MK: Aye. And then other girls, they went in and they had to build them up in the kilns, do
you know the … in there?
MB: Yes
MK: To build them up, they had a certain way of building them and they had to be perfect
or they werenae accepted, they had to re-do it so it was quite skilled the ones that were
building the wall thing you know and then the kiln got closed, you know they boarded
it up and then they were fired in the kiln
MB: Were the bricks stamped?
MK: Aye they had Blairadam on them
3 min:
MB: Yes, with a stamp on each one?
MK: That’s right, aye
MB: Blairadam
MK: Mrs Adam has one at her door up at Blairadam house ….
MB: Where is Blairadam in relation to here in Kelty?
MK: It’s just up by the woods, you know you go down into Maryburgh and it’s off
Maryburgh and to the big house
MB: Were you living in this house then?
MK: Ah, ah. … No I wasnae in this house, we were in the terrace and then we were in 91
Centre street…
MB: Not so far and did you walk to work?
MK: Yes, we walked, we walked through, they’ve got a park now, Blairadam Park and that
was it, but it was just a wood that you kind of walked through to the brickwork
MB: How long did that take in the morning?
MK: It didnae take you very long, maybe twenty minutes …
MB: Yes, it was over a mile then?
MK: It’s a good wee bit, aye
MB: Yes, every morning, rain, hail or shine. …
MK: We didnae have baths or anything like the pits had, just went hame and got washed
MB: Was it dirty work?
MK: It wasnae awfully dirty but there was a certain amount of dirt
MB: Yes, and would you leave the dungarees there or change?
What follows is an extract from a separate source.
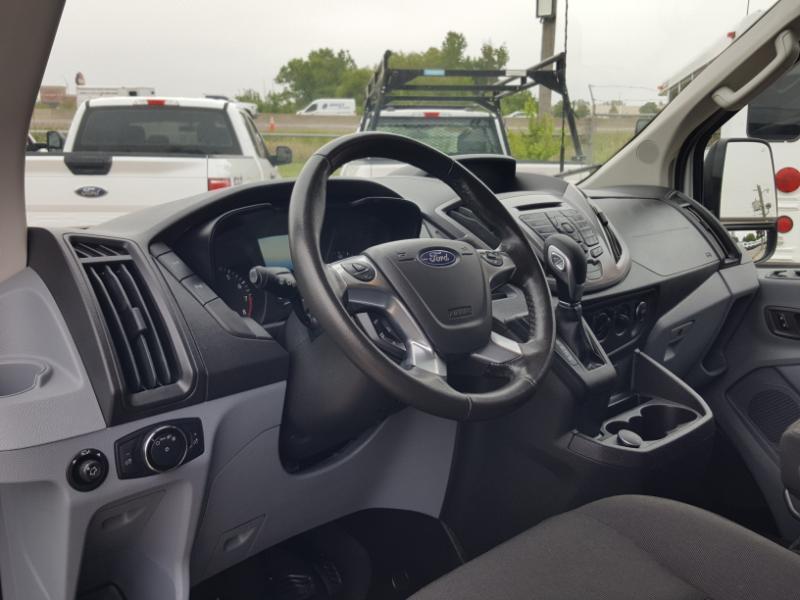 Ford Transit 150 Wagon Med. Roof XLT w/Sliding Pass. 130-in. WB 2018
MK: No, you come home with the dungarees
MB: Wearing the dungarees?
MK: Aye
MB: Any particular footwear?
MK: No we just had our own boots or shoes, heavy kind of work shoes. You needed good
footwear
MB: To be standing all day?
MK: Aye
MB: That’s quite hard on anybody’s
MK: And we had a wee bothy thing that we used to sit in and have our cup of tea at the
break time, we didn’t have flasks and everything else but there was a woman there she
made tea in the wee bothy and she, if you needed anything out the shop for your break
she got it for us, she went to the shop and got everybody’s stuff.
MB: And did you all sit in the bothy for the tea?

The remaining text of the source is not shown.